Bazooka Jones is one of the most exciting bands on today’s scene. Their brand of hook-laden rock and roll thunder and Gore-Gore-Girl group retro is a refreshing return to music that can get you revved-up and thinking that life can be fun after all.
At center stage is a foxy beautiful singer with the non de plume of Viagra. Well, I’d swallow that pill any day, stiff neck and all. She flat out sings her ass off, completely free and uninhibited, like the love shack child of Reg Presley and Kate Pierson. She possesses a marvelous range that allows her to sing like Chrissie Hynde over the power chords, hiccup like Holly or whisper sweet and Lolita-like before the music kicks-in
Hey…OK … I gotta admit - I jones for Viagra but this band is more than the sum of its parts. Each player contributes significantly to the overall sound, feel, look and vibe of Bazooka Jones. Sure, they look a bit oddly drecked out and surreal but that only adds to the fun and helps obscure a sometimes deeper message about commitment, love and the primacy of relationship. It could put off a fan base that comes of age plugged in, turned around and seeking a quick fix.
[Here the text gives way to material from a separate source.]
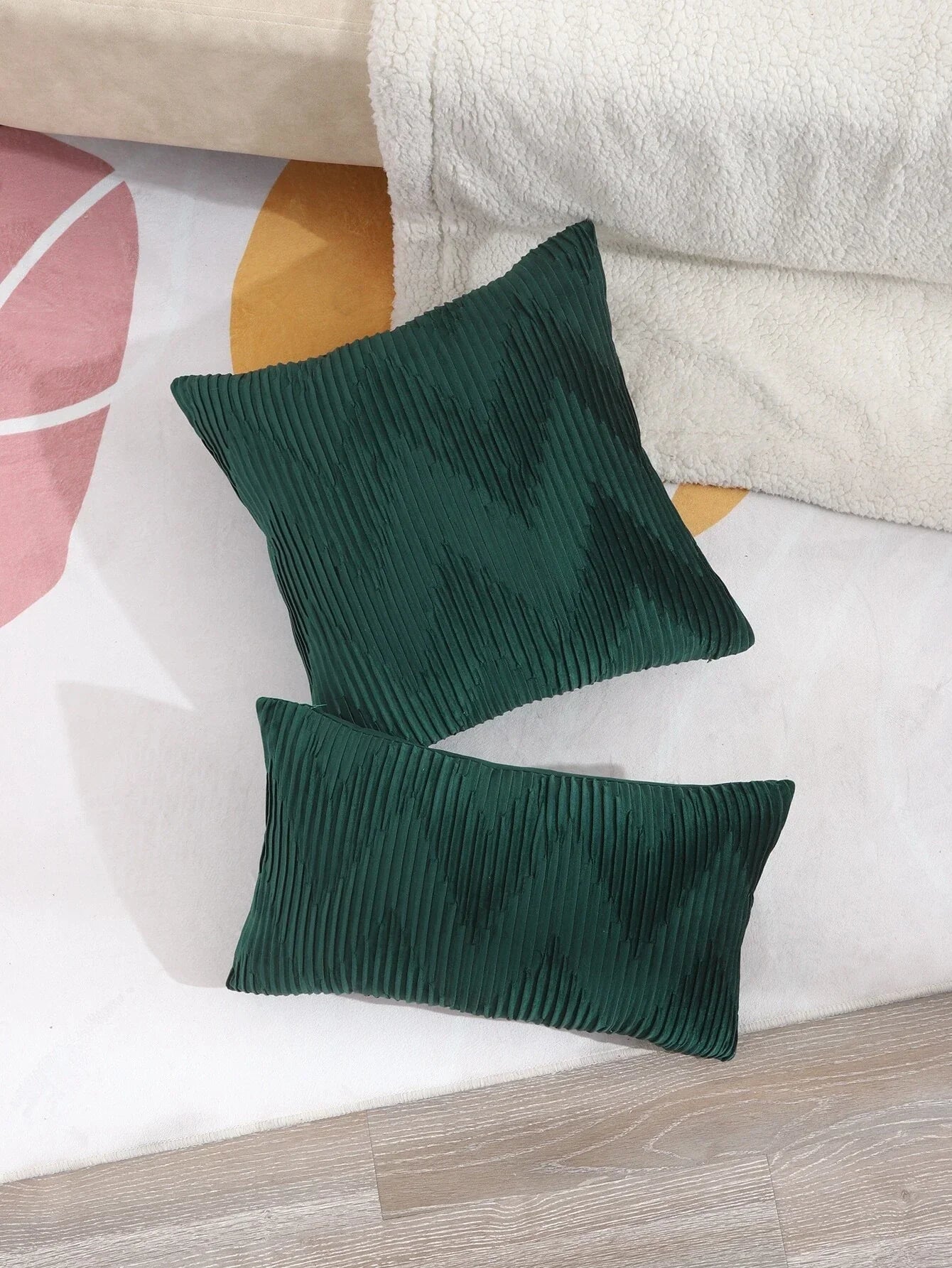 Buy Shein 1pc Solid Cushion Cover Without Filler in Pakistan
The guitarist - Mr. Bullethead Jones - is fantastic, slamming out power chords like a skinny Van Halen riffing as if his life depended on it. He crafts stinging solos that hit that E-string with a vengeance yet never neglects the bass line, giving his sound a sonic depth that Kenny Olson would give his left nut for. His power and plunder virtuosity recalls the ascendance of our early guitar heroes before the big hair and trickle-down lies of the eighties would ramp up the discord and change our country forever.
This is much more fun.
The drummer Billy Love is an absolute powerhouse Bonham-eyed monster of a time keeper. He pounds them skins like Johnny Wadd giving it to Misty Dawn for about the umpteenth time and ol’ Misty getting’ off on the last thrust just as much as the first stroke. Love’s beat packs more wallop than a Chuck Morris roundhouse kick and wipes out any doubt that this band came to town to rock yer socks off.
Bazooka Jones is a bizarre-looking, genre jumping testosterone fueled band led by a mighty she-girl and they have more balls than Denny Laine coming on to Lovely Linda with the old man sleeping-it-off in the next room. In other words, they rock.
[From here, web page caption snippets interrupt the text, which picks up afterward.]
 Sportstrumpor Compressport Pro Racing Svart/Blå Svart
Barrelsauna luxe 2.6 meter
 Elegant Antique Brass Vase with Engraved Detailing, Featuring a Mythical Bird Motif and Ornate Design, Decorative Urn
Their debut CD is a nuclear-powered sonic landscape akin to Apollo 11 blasting off to the moon @ G-Force. The opening two tracks packed the most unexpected and powerful 1-2 wallop since Cheney shot his best corporate buddy in the ass back in naught-six. Pants Off opens the disc with a ferocious gut wrenching gale-force power that takes my breath away and gets me thinking about takin’ a cold shower. This steroid-enhanced chest-pounding slam-fest is a direct descendant of Stepping Stone, Paul Revere’s version, with Mark Lindsey puffed-up and growling like a wild banshee, only Viagra has him beat by a mile. She not only steps up the heat she sets the whole place on fire, Ooh Poo Pah Doo this!
She Wants Me continues the stab-in-the-chest primal ear shattering glory that any died-in-the-wool Kinks fan could appreciate. The sexual ambiguities in the lyrics are a total orgasmic turn-on… and great fun.
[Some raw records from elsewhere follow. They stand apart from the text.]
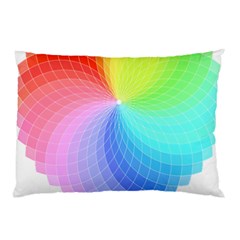 Color Wheel T- Shirt Color Wheel T- Shirt Pillow Case (two Sides) by EnriqueJohnson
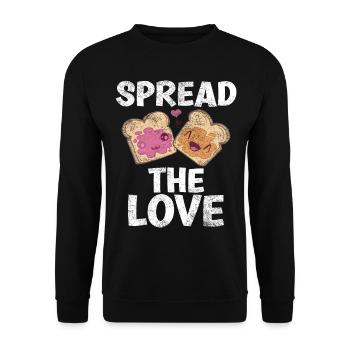 Spread the love spell with cool art - Unisex Sweatshirt - black - Front - Alina (178cm) & Michal (187cm)
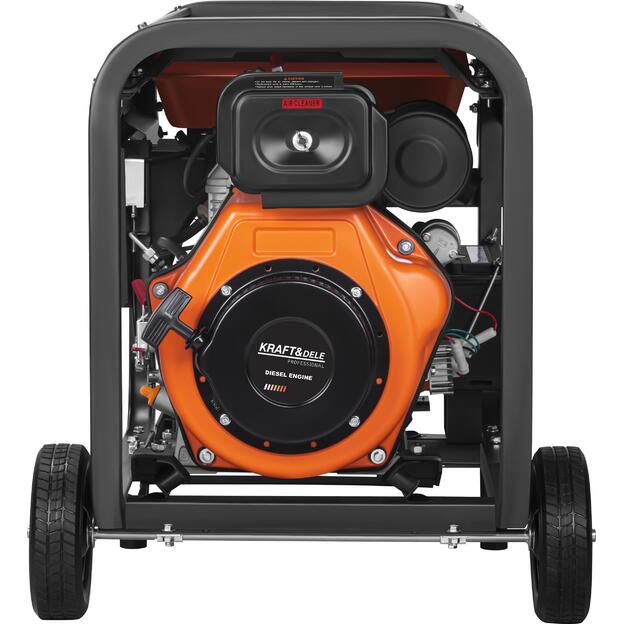 Dyzelinis trifazis elektros generatorius KRAFT&DELE KD3248 7 kW | 230V / 400V 4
Love up has a fifties bee-hive girl group feel that could even get a rise outta Spector as he sits strapped-in and ready to take the juice. This is sing-a-long song with a great rhythmic vibe. I can envision the dance floor filled with “girls and boys makin’ tons of noise, shaking their bones to Bazooka Jones”. Hell…even I shake my groove thing to Love Up…and I thought I lost it a coupla months back at Walmart. Oh baby!! Swinging on the Moon is power pop ballad sung sweet and pure and it makes you believe in love, at least for the moment. The singer’s been around the piss pot a few times and isn’t sure she can find the handle. She does… but her grasp is loosening.
Goodbye Mr. Nice Guy is one of the best kiss-off songs I’ve ever heard. It’s filled with a wondrous dialectic with tongue firmly in cheek e.g., anytime is the right time to say goodbye or he likes to see her cum, she likes to see him go…AMEN sister girl! That rehearsed nicely nice boy is a bit creepy - wonder what’s beneath the mask - a future Bank of America executive?
The lone cover, a heavy version of Lee Hazlewood’s These Boots Were Made For Walking, flashes a memory of Nancy Sinatra dropping the microphone on Sullivan, bending over to reveal her lovely cantilevered and mini-skirted derrière– and at the very moment she mooned the screen - sales went up to a half million! Truth.
Bazooka Ride is the most blatant attempt to fashion bubblegum leer-ics in the best tradition of Kasentz and Katz but it also seems to tag some autobiographical material like pink guitars and whammy bars - the Legend of Bazooka Jones?
Girl on Fire is a break-up song – a song of liberation, freedom the shackles of a controlling relationship. And Life of the Party seems to fit nicely as its companion piece. It might be telling the story of Edie Sedgwick and her central role in the Warhol myth. But it could be about any person with ambition who confronts a dilemma and has to make a choice.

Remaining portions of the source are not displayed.